HOTNEWS.ID - Penyedia layanan transportasi daring terkemuka di Indonesia, yaitu Gojek dan Grab, secara resmi telah memulai penerapan kebijakan baru mengenai tarif komisi yang dibebankan kepada para mitra pengemudi mereka. Langkah ini menandai sebuah perubahan signifikan dalam hubungan kemitraan antara perusahaan teknologi dan para driver di lapangan.

Penurunan tarif komisi ini merupakan hasil tindak lanjut konkret dari serangkaian diskusi mendalam yang telah dilakukan sebelumnya. Diskusi tersebut melibatkan pihak platform digital dengan pimpinan Dewan Perwakilan Rakyat Republik Indonesia (DPR RI).

Tujuan utama dari pertemuan intensif tersebut adalah untuk mencari titik temu dan solusi atas berbagai keluhan yang selama ini disuarakan oleh komunitas pengemudi daring. Hal ini menunjukkan adanya respons positif dari berbagai pihak terhadap aspirasi mitra.

Secara kuantitatif, terjadi pemangkasan tarif komisi yang sangat substansial, di mana persentase yang tadinya ditetapkan sebesar 20 persen dari setiap transaksi kini telah dikurangi drastis. Komisi yang berlaku sekarang hanya sebesar 8 persen saja untuk setiap layanan yang berhasil diselesaikan.
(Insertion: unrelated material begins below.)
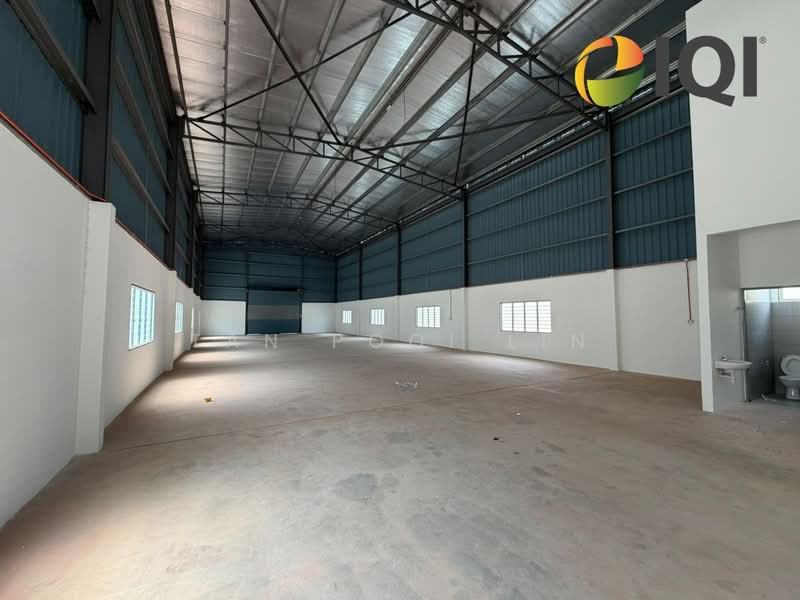 Semi-D Factory for Rent in Kawasan Perindustrian Nafiri (Sungai Jawi) - Tan Pooi Lin - Interior - PropertyGuru.com.my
Perubahan struktural ini diharapkan secara langsung dapat memberikan dampak positif, terutama dalam meningkatkan jumlah pendapatan bersih yang dibawa pulang oleh para mitra pengemudi. Peningkatan ini sangat krusial bagi keberlangsungan ekonomi mereka sehari-hari.
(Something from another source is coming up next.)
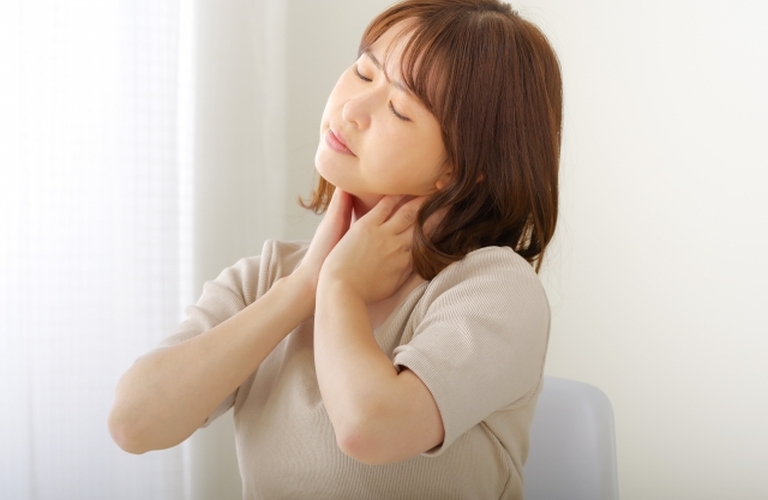 上を向くと首が痛い！原因と改善法を専門家が解説！/池袋で通わせない整骨院ならreborn鍼灸整骨院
Implementasi kebijakan pemotongan komisi ini secara resmi mulai berlaku pada hari pertama pelaksanaannya. Meskipun terdapat penurunan beban biaya operasional, tantangan baru tetap muncul dalam proses adaptasi di lapangan.
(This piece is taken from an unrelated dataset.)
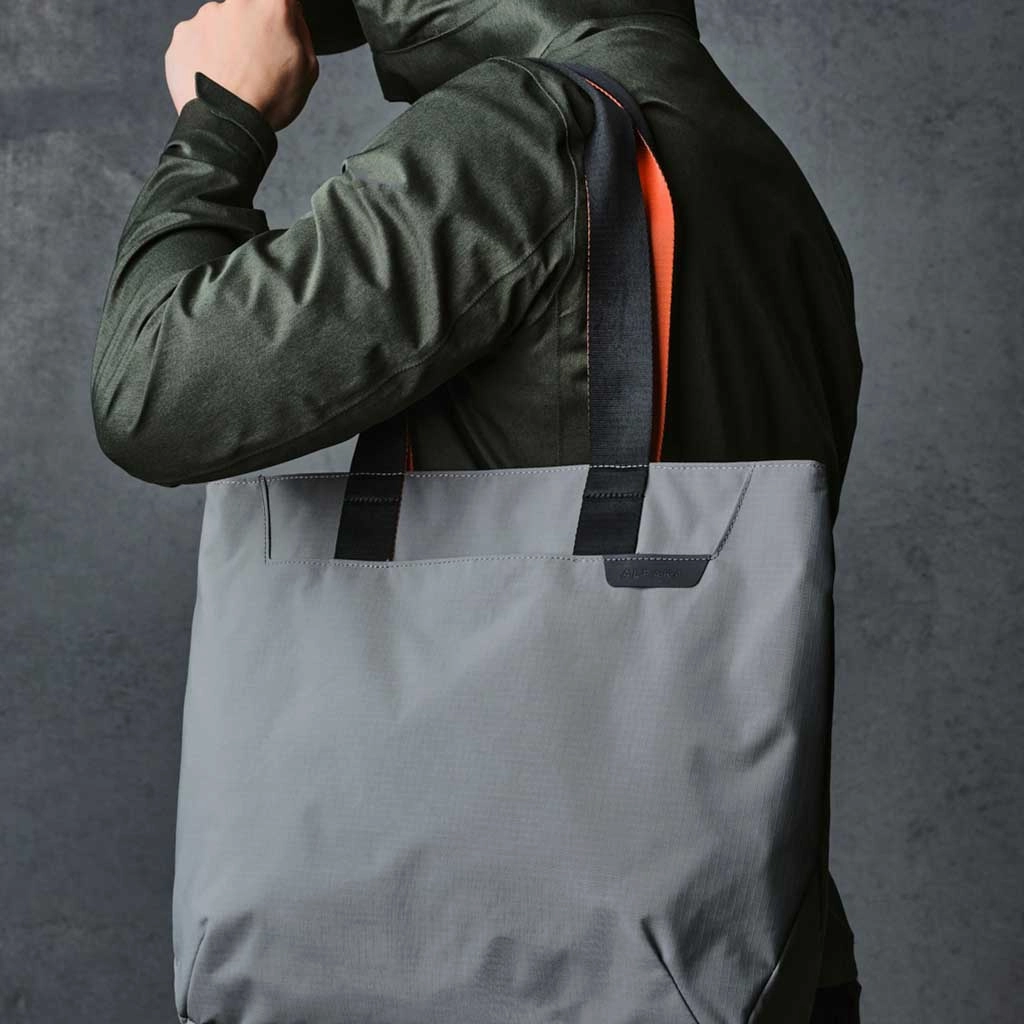 Elements Tote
Dilansir dari JAKARTAHYPE.COM, penurunan komisi menjadi 8 persen ini merupakan titik balik penting dalam dinamika kemitraan antara penyedia layanan dan driver. Hal ini mengakhiri masa komisi tinggi yang beberapa waktu menjadi sumber keresahan utama.

Dikutip dari JAKARTAHYPE.COM, penurunan komisi yang sebelumnya dipatok pada angka 20 persen untuk setiap transaksi kini telah dipangkas secara signifikan menjadi hanya 8 persen saja. Perubahan drastis ini diharapkan dapat meningkatkan pendapatan bersih yang diterima oleh para mitra pengemudi di lapangan.

Perubahan drastis ini diharapkan dapat meningkatkan pendapatan bersih yang diterima oleh para mitra pengemudi di lapangan, sejalan dengan aspirasi yang disampaikan kepada legislatif. Hal ini menegaskan komitmen platform untuk bermitra lebih baik.